The CSC Contract does not appear to explicitly contain any security incident response obligations owed by CSC. It may be generally covered under the contract’s SLA with reference to various Severity Levels, but those Severity Levels relate to events discovered by the City and notified to CSC. There does not appear to be any duty for CSC to report a security breach to LA.  Again, since CSC's data processing role seems limited in this arrangement, not having these obligations may be appropriate (i.e. CSC may not be in a position to even discovery breaches that occur on Google's systems).

The Google Contract

Section 7.5 of the Google contract contains some sparse incident response language. First, it confirms that Google will comply with breach notice laws (most of which would require Google to provide LA with notice of a breach exposing personal information). For security breaches that don’t trigger breach notice laws, the Google Contract provides as follows:

Google will notify Customer of a Security Breach, following the discovery or notification of such Security Breach, in the most expedient time possible under the circumstances, without unreasonable delay, consistent with the legitimate needs of applicable law enforcement, and after taking measures necessary to determine the scope of the breach and restore the reasonable integrity of the system.

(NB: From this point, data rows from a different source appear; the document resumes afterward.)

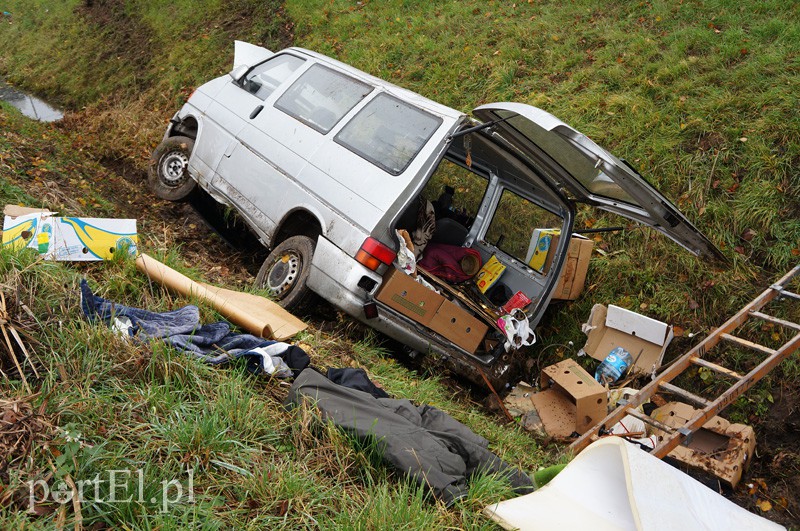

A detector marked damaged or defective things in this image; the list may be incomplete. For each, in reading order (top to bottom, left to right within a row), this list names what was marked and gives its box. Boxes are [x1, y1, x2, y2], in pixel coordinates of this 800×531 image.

crashed van [150, 41, 724, 388]
damaged van body panel [152, 41, 724, 388] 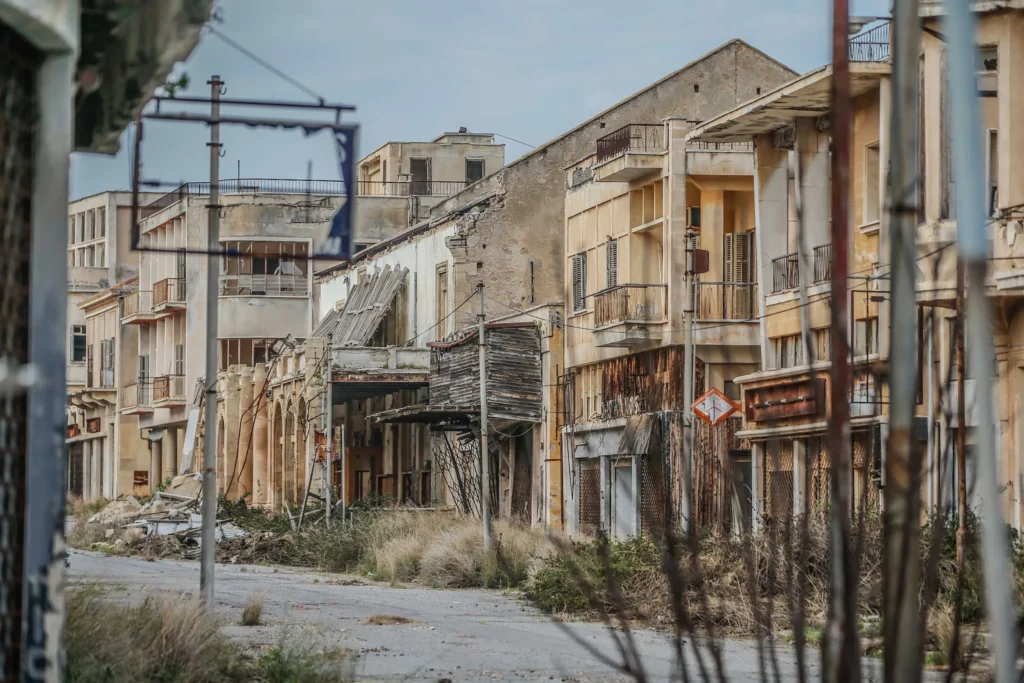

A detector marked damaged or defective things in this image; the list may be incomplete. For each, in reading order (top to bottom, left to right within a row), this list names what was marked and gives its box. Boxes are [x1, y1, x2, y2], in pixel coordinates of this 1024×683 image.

broken window [466, 158, 485, 184]
broken window [573, 252, 589, 313]
rusted metal bar [823, 1, 856, 683]
rusted metal bar [880, 0, 929, 679]
rusty sign [692, 389, 741, 428]
rusty sign [741, 376, 827, 423] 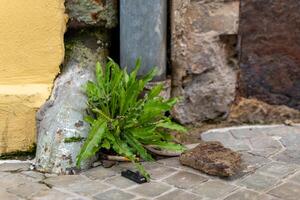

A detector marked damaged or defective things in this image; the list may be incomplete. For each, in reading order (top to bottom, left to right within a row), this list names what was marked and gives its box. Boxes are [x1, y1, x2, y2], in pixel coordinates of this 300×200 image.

rusted metal surface [239, 0, 300, 109] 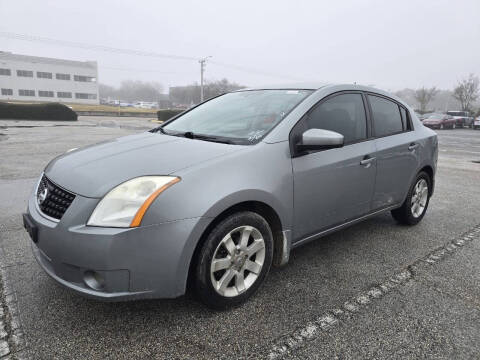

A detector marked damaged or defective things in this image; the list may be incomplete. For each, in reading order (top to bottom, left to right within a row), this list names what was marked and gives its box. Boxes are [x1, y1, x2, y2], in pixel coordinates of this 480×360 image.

cracked pavement [0, 117, 478, 358] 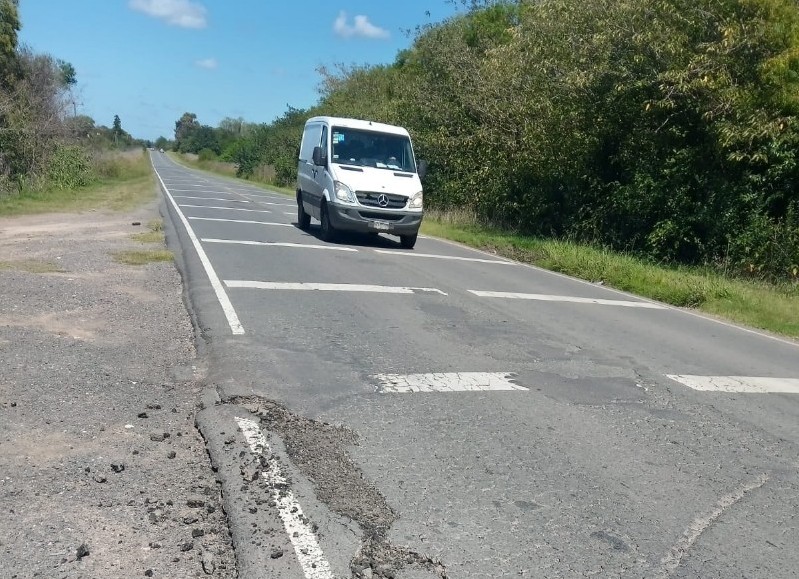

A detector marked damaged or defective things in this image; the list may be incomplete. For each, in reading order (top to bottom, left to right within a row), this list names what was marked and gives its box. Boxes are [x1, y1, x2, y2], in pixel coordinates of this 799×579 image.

pothole [230, 396, 450, 576]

As you might imagine, that laundry list of caveats creates plenty of flexibility for Google to delay notifying LA of a breach (e.g. taking measures necessary to ascertain scope can go on for some time). A better clause for a customer would be to impose a certain timeframe by which notice of a breach or reasonably suspected breach must be reported (e.g. 12 hours, 24 hours, etc.).

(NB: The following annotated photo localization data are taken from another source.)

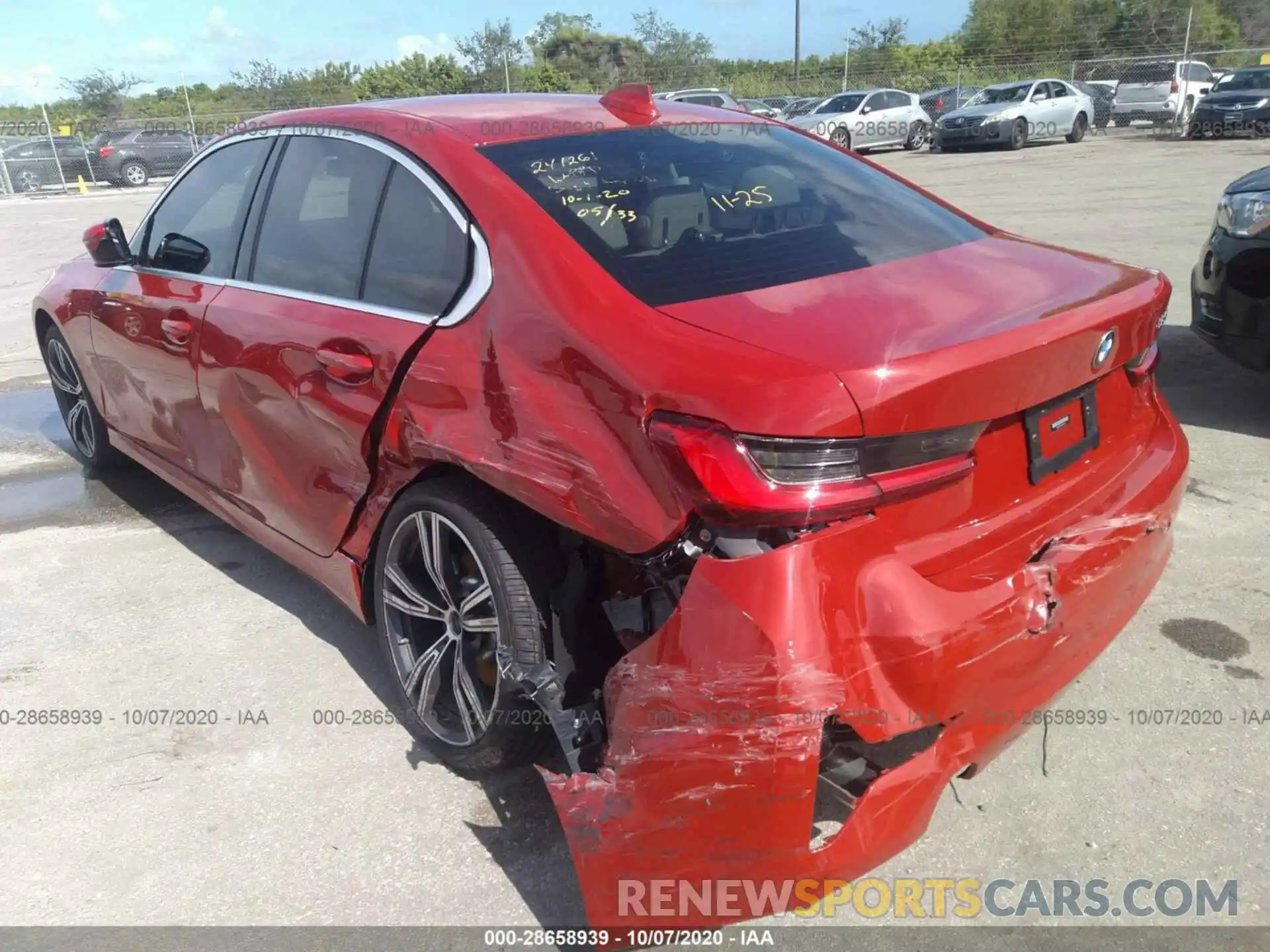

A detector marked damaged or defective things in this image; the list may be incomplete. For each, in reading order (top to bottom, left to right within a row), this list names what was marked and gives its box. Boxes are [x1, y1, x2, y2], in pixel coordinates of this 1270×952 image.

crushed rear bumper [540, 396, 1183, 934] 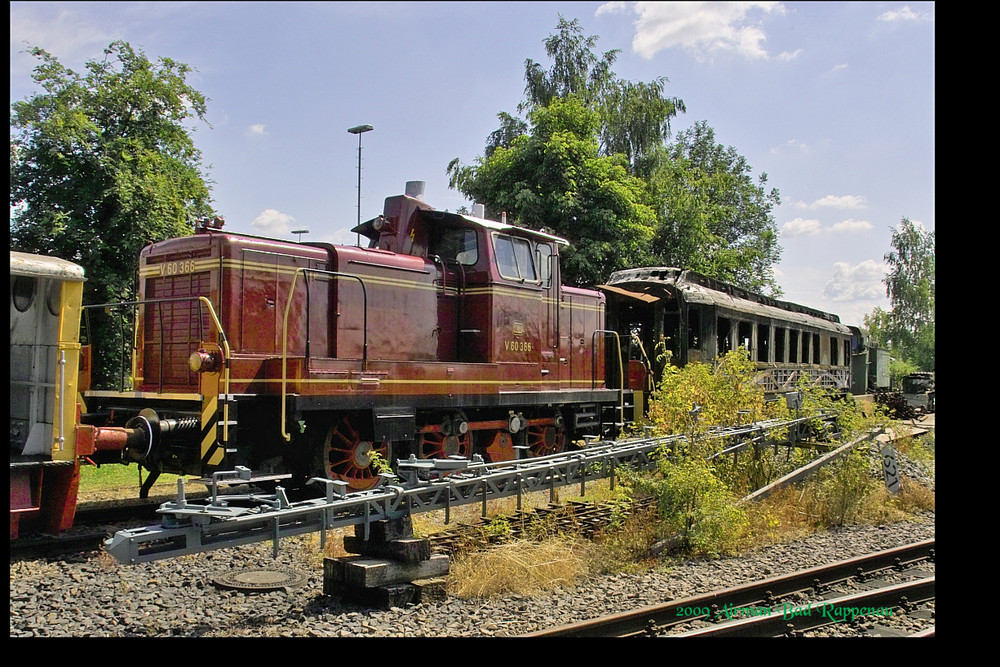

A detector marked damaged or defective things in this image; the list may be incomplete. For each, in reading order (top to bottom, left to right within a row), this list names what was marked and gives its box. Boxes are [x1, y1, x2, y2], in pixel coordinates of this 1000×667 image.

burnt railway carriage [82, 183, 620, 490]
burnt railway carriage [600, 268, 852, 400] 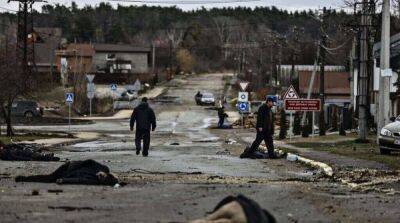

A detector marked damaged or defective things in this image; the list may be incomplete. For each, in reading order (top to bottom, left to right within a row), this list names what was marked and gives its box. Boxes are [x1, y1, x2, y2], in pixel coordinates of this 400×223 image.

damaged road [0, 73, 400, 223]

Since incident response obligations may be crucial for mitigating harm caused by a security breach impacting customer data, additional contract terms should be considered, including a duty to:

  • collect and retain certain information that might be relevant to security breaches
  • conduct a reasonable investigation of the security breach
  • contain, prevent and mitigate a security breach
  • provide notice to the customer within XX hours of discovering the breach
  • provide a written report concerning the security breach within XX days of the breach
  • collect and preserve all data and evidence concerning the security breach
  • document and detail the remedial action taken, and planned to be taken, to remediate the breach
  • allow a post-breach security assessment or audit
  • allow the customer to perform its own on-site forensic examination of the security breach

One point to highlight with respect to post-incident forensic assessment.  Being able to conduct an independent forensic assessment may be crucial for a customer whose data was exposed.  That assessment will allow for the gathering and preservation of potential evidence to support the customer's defense in the event of a lawsuit or regulatory action.  That information may also reveal whether and to what extent the service provider itself may have breached its contract or violated the law. 

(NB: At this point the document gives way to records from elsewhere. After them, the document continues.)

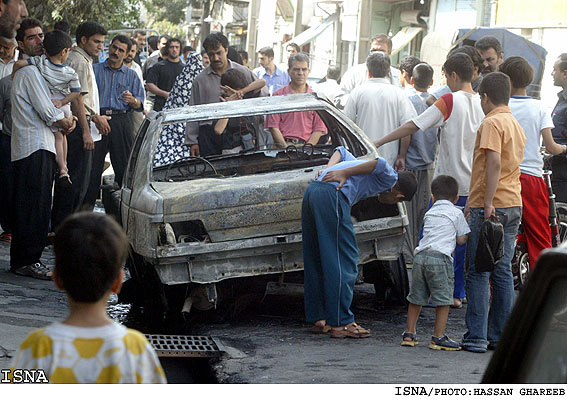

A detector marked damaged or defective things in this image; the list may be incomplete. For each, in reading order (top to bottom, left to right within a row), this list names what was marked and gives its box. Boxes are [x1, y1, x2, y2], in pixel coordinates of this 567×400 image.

burnt car interior [153, 110, 370, 184]
burned car [117, 92, 412, 324] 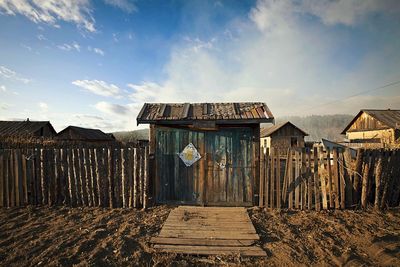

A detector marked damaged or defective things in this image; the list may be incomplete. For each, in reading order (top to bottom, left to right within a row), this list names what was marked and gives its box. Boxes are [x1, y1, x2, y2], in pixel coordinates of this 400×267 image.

rusty metal roof [0, 121, 56, 138]
rusty metal roof [55, 126, 114, 142]
rusty metal roof [138, 102, 276, 125]
rusty metal roof [260, 122, 308, 138]
rusty metal roof [340, 109, 400, 134] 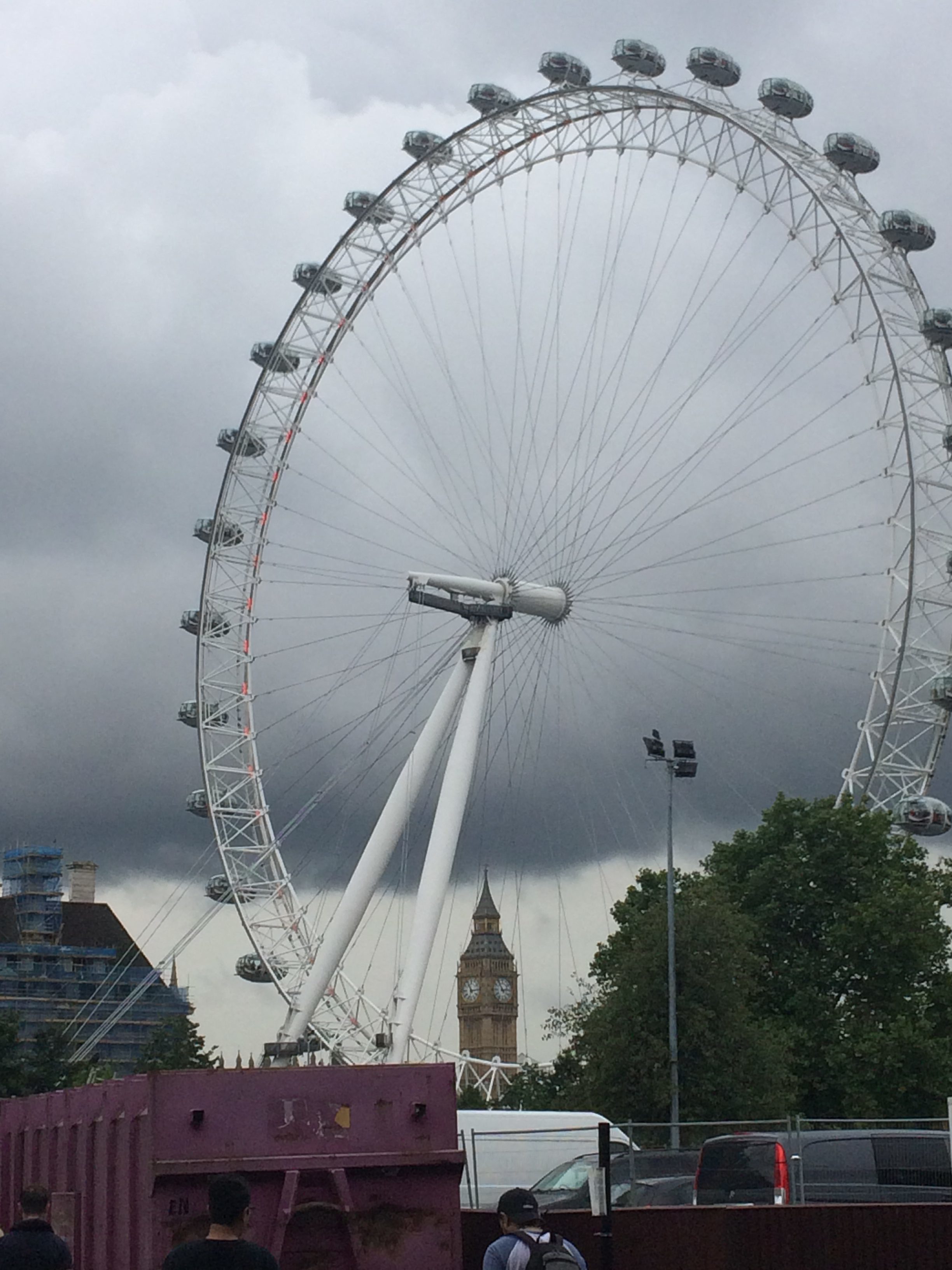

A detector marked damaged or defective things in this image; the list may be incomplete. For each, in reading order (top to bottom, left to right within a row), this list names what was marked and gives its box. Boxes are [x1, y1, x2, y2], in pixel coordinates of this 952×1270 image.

rusty metal container [0, 1061, 464, 1270]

In the Cloud, however, where multiple clients may have data on a single server (e.g. multi-tenancy), conducting a forensic investigation may be more challenging.  Such an investigation could reveal data belonging to the service provider's other customers (and could even result in a breach of NDAs by the service provider), or potentially disrupt the services being provided to other service provider customers.  Yet without such rights, the customer may be completely reliant on the service provider's forensic investigation. One could argue that this imposes an inherent conflict of interest.  Moreover, if the service provider makes a mistake, and say fails to retain crucial relevant data, the customer could face spoliation issues in court.  Unfortunately, this is another tricky issue for Cloud providers and customers to work out.

Conclusion

As you can gather from reading the above, the terms and conditions of Cloud contracts can become very complex and involved and take a great deal of foresight and knowledge to understand and put together. In our next installment we wade into the thicket that is “risk of loss” contract terms, arguably the most important terms in these contracts.
 

Information Security Clauses and Certifications - Part 1

Outsourcing business and IT functions often means outsourcing compliance and liability risks as well. When a service contract involves protected categories of personal information, both parties need to understand the security requirements and risks. The contract should allocate responsibilities to prevent and respond to security breaches. The contract may also set expectations more precisely by incorporating a written security policy or referring to a widely accepted information security standard, sometimes accompanied by a requirement for a third-party security audit or assessment.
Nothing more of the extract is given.